Retailers, consumers and prices
Check Out Line: The rebates are coming! The rebates are coming!
Check out those federal rebate checks.
Tax rebates began arriving in U.S. consumers’ bank accounts this week as part of Washington’s $152 billion stimulus package. (Direct deposits this week and paper checks next week.)
Retailers have various strategies for attracting those rebate dollars. Many of them are offering 10 percent bonuses when the checks are converted to store discounts.
Of course, unlike other retailers, Wal-Mart will cash the checks free without requiring a purchase in the store. Obviously, if you have to put the funds from your rebate onto a Kroger or RadioShack gift card, you would spend the money in those stores.
“We’ll focus on providing real, long-term value on the items that matter and put shoppers in control of their own spending,” said John Fleming, executive vice president and chief merchandising officer, Wal-Mart Stores, U.S.
So you don’t have to spend the money at Wal-Mart. But once you cash the check there, the company is also cutting prices on everyday items like shampoo, lunch meat and cereal to coincide with the checks arriving.
Overall, Customer Growth Partners estimates that $40 billion of the rebate payments will be spent by consumers. The rest will be used for debt reduction and savings.

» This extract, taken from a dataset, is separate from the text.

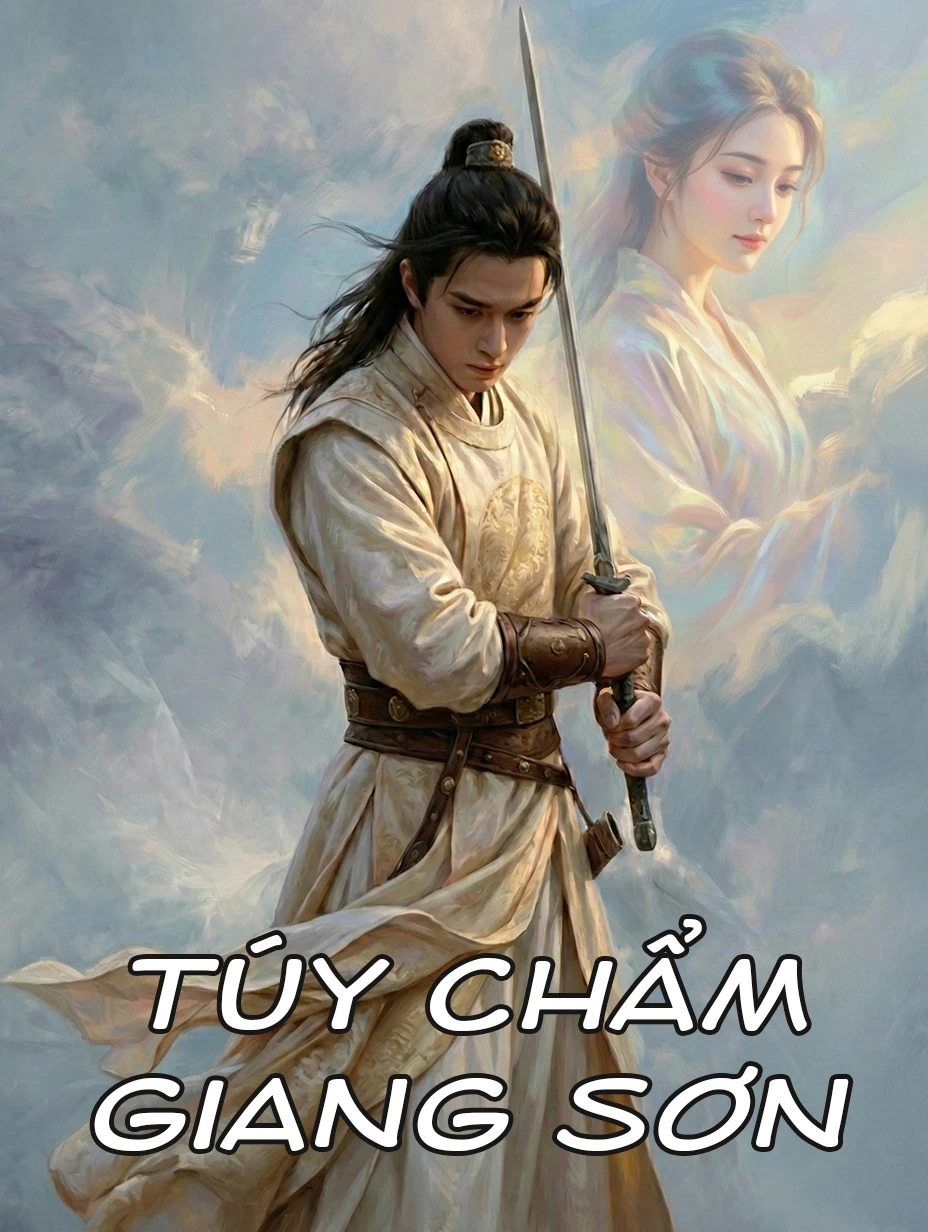 Túy Chẩm Giang Sơn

But that, along with $15 billion in cash flow from consumers no longer paying to heat their homes as that season ends, could add $55 billion in retail spending in the coming months, the research firm said.
“One swallow does not a summer make, but our visits to the malls and the Big Boxers over the past week showed the strongest traffic of the year, now that heating bills are paid off,” Customer Growth Partners President Craig Johnson said. “And at least at the Apple stores and some teen Apparel players — and of course at Costco and Wal-Mart — we’re seeing the biggest crowds since Christmas.”